How do you practice self-care when you’re on the road?
I lay on my stomach and eat some pound cake. All of it feels unnatural, like you’re hurling your body somewhere: I hurl my body to St. Louis and then I’m in St. Louis and then I have to hurl it to their Global Gym. You just shove yourself there. I’m never the person that’s like, “Let’s get this day started. Let’s bite into the day!” I just make a couple of good things happen. And the rest of the time I’m just in bed, feeding, just trying to eat macaroni and cheese with a coffee filter because I can’t find a fork in the room. That’s my self-care regime.
Have you also seen a change in what women are comfortable talking about between when you started and now? Do you feel that we’ve made good progress in terms of representation of more women, including women of color, and queer voices, in comedy?
It’s absolutely more diverse. When I started, there was usually just one woman on a show—and there are still some shows like that—and people would say to you, “We just had a woman on; we can’t put another woman on.” Now, that doesn’t happen as much.
How do you balance doing jokes about your family and partners and maintaining your relationships with them?
Most of the time people don’t get mad at me. My mom likes to be in my act; she gets upset if she’s not. She’s always like, “Where was I?” There was one boyfriend I had that was really shy and I talked about his mom because his mom was a lunatic and so I would tell stories about her sometimes, and whenever I told a story about her, my ex would just take this quiet man walk around the block whenever I was doing this story about his mom. He was like, “I can’t…” and then he just left. And I always felt a little bad for his solo man walk that he had to take. “What’s wrong with me that I have to tell this story? This poor guy, it makes him so uncomfortable.” But then it’s like, that’s what we do. And if I’m forced to deal with her, then that’s a tale or two. But most of them are pretty cool about it. My boyfriend now is threatening to do standup. He’s not really going to do it but he thinks it’s funny to say that he’s got five minutes locked and loaded. He just told me that because he’s coming with me to JFL42: “I’m ready, just let me know what they need.” And I’m like, “They need none of you.” We have that conversation every day. Seriously: “I’ve got five golden minutes.”
In the show you’re touring now, was there any material that really challenged you or that you were scared to write about?
No. I can’t pat myself on the back for my bravery. I just talk about my dumb life. I don’t think changing the game for anyone. I just try to write about whatever I think is funny, but there’s nothing that I’ve done where I’m like, “The world’s not ready.” The world’s perfectly ready.
What are your inspirations for your tour outfits? What do you need to wear to feel good onstage?

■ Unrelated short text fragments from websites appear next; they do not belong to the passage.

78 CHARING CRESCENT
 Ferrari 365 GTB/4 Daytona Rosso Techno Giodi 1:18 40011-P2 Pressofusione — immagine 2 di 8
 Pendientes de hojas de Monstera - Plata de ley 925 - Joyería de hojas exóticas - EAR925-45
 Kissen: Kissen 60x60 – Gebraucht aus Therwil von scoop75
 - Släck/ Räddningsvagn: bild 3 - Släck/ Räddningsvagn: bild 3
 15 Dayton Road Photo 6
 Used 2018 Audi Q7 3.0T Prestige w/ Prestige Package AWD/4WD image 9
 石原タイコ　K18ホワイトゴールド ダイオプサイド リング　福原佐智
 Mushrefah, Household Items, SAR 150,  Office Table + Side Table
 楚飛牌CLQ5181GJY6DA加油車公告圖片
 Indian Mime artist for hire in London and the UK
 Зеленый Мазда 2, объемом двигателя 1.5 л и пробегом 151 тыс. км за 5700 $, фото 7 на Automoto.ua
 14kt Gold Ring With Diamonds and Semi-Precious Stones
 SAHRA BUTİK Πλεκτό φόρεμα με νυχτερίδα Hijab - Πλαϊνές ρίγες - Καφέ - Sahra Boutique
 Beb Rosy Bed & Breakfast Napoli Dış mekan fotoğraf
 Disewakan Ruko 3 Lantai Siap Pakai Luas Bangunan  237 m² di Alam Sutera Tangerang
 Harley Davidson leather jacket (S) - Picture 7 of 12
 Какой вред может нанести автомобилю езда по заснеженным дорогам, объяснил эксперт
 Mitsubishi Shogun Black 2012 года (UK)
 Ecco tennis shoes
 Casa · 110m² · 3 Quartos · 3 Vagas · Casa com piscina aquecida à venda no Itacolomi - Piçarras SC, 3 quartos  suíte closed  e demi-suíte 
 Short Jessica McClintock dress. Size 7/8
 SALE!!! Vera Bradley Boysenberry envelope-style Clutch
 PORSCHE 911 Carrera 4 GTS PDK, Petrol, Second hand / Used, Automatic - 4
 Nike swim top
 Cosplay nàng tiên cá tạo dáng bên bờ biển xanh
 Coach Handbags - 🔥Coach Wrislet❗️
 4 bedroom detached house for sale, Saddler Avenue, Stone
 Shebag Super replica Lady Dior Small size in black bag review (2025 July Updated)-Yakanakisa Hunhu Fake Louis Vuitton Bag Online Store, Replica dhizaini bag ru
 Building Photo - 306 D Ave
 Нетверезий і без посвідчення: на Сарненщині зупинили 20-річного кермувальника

I wear an aggressive amount of black. In LA, they can always tell you’re from New York, but black’s just easy. It’s easier than taking a risk—just throw on some black smock. I wear dresses a lot on stage; I also wear jeans and blazers. Keith Robinson always tells me I dress like a district attorney. I try to keep it not too distracting. There are some dresses that just don’t have the right look for stand-up, like some gentle peasant dress. You’re not going to feel right onstage in a sundress. Whenever I’m shopping, I always have to think, “Could I wear that onstage or would I feel foolish?” Like I can’t do that new blousy pirate wear. I don’t want to look like a whimsical pirate with that new sleeve thing that’s going on. I couldn’t do that on stage. I’d just feel like everybody was staring at a pirate and not listening to me.